4.1. Quanto ao título, dificilmente se poderia propor algo mais desarrazoado. O que se encontra, na melhor das hipóteses, são “Vinte pensadores-chave em criminologia brasileira”. É evidente que não se contesta a pureza das intenções dos responsáveis, mas convenhamos que certos descuidos extrapolam todos os limites aceitáveis: chamar de “atlas” uma cartografia tão primitiva e abreviada é testar, e muito, a paciência do leitor, ademais de valer uma piada pronta, pois alguém poderia argumentar que o título é, na verdade, um anagrama de “salta”, fixado para exprimir a atitude dos editores em face de longos períodos históricos.
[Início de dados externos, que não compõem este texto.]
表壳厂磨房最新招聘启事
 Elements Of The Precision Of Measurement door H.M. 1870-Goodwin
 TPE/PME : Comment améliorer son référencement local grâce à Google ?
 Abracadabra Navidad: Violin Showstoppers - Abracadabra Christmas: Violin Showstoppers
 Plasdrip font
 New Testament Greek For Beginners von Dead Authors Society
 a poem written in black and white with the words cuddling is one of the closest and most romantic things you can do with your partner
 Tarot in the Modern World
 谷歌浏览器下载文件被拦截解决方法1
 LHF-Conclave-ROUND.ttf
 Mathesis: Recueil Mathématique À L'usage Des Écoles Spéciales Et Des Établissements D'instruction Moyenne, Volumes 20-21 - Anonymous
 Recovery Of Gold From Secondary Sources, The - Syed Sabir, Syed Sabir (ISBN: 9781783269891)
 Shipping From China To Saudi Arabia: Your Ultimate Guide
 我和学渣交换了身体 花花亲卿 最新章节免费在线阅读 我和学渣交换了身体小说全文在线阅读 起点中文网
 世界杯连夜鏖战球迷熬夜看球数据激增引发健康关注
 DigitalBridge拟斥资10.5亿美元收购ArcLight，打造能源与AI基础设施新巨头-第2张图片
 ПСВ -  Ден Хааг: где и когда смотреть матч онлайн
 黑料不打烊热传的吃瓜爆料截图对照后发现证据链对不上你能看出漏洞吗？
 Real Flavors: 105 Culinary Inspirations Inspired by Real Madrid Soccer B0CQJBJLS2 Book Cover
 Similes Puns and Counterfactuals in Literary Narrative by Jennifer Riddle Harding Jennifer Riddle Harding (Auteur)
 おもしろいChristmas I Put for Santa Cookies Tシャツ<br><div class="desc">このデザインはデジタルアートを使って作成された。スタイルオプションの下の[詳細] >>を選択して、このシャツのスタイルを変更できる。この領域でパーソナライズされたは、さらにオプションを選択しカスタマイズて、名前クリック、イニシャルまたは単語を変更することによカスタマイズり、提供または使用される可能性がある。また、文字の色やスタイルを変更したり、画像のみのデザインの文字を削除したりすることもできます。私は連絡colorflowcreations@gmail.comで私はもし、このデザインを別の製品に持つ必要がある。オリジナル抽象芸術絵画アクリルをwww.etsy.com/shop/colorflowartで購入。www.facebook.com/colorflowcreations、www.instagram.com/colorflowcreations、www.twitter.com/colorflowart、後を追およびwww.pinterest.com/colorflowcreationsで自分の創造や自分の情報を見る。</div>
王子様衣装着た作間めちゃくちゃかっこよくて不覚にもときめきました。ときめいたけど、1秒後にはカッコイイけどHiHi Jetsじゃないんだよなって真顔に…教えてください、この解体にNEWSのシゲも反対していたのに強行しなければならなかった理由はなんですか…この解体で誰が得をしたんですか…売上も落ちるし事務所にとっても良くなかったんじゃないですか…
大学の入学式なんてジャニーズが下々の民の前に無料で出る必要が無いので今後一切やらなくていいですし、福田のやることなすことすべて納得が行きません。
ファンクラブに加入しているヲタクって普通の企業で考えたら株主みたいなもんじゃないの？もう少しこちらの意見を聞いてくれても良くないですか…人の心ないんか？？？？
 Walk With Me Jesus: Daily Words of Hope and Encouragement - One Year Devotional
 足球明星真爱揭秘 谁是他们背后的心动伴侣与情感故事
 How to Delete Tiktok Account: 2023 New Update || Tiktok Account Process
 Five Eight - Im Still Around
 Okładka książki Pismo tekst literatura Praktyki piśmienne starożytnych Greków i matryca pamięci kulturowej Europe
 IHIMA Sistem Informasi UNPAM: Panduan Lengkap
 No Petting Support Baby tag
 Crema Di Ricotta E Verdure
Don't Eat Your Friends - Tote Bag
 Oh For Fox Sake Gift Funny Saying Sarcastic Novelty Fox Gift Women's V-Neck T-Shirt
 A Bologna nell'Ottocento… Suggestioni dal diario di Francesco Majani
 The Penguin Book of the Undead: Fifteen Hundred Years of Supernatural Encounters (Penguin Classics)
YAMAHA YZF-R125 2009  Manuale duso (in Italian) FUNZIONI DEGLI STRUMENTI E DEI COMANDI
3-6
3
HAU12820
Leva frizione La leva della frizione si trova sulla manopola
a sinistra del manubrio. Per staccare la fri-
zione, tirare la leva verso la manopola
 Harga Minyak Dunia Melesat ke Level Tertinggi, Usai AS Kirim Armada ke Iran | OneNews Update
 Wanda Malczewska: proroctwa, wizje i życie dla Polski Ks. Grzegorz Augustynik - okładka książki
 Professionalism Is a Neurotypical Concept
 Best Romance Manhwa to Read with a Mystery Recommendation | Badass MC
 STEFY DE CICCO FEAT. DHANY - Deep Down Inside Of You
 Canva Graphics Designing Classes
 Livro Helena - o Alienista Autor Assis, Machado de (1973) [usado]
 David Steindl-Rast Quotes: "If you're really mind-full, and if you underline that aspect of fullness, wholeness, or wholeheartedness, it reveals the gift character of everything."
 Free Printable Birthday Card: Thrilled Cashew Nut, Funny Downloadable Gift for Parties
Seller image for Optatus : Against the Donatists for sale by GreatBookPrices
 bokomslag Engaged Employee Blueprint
5. Por fim, e não menos importante, perpetuou-se o velho e conhecido vício da confusão entre livros de homenagens e obras de referência. Da leitura atenta dos capítulos, não se extrai qualquer tratamento crítico de autores e obras[5], e sim testemunhos de admiração, que, não raro, assumem uma tônica quase reverencial, precedidos de alguns apontamentos biográficos e sucedidos de indicações bibliográficas. Aos que se interessarem pelo “Atlas”, decerto travarão contato com muitas informações pertinentes e fontes estimulantes, mas estejam avisados: naquilo que concerne aos parâmetros críticos, ainda estarão muito distantes do mapa da mina; o que estão prestes a folhear não configura uma obra de referência, e sim mais uma obra de reverência. Nada há de novo sob o sol.

Notas de Rodapé

[1] FRANÇA, Leandro Ayres (coord.). Atlas do pensamento criminológico brasileiro: um mapeamento de autores e obras. 1ª. Ed. São Paulo: Blimunda, 2022, pp. 4-5.

[2] HAYWARD, Keith; MARUNA, Shadd; MOONEY, Jayne (eds.). Fifty key thinkers of criminology. New York: Routledge, 2010, p. xvii.

[3] Respectivamente: Alba Maria Zaluar, Carmen Hein de Campos, Luciano Góes, Maria Lucia Karam, Raimundo Nina Rodrigues, Teresa Pires do Rio Caldeira. In: Op. cit., p. 7.

[4] https://www.introcrim.com.br/post/tobias-or-not-tobias

[5] Salvo no caso de Raimundo Nina Rodrigues, como era de se esperar.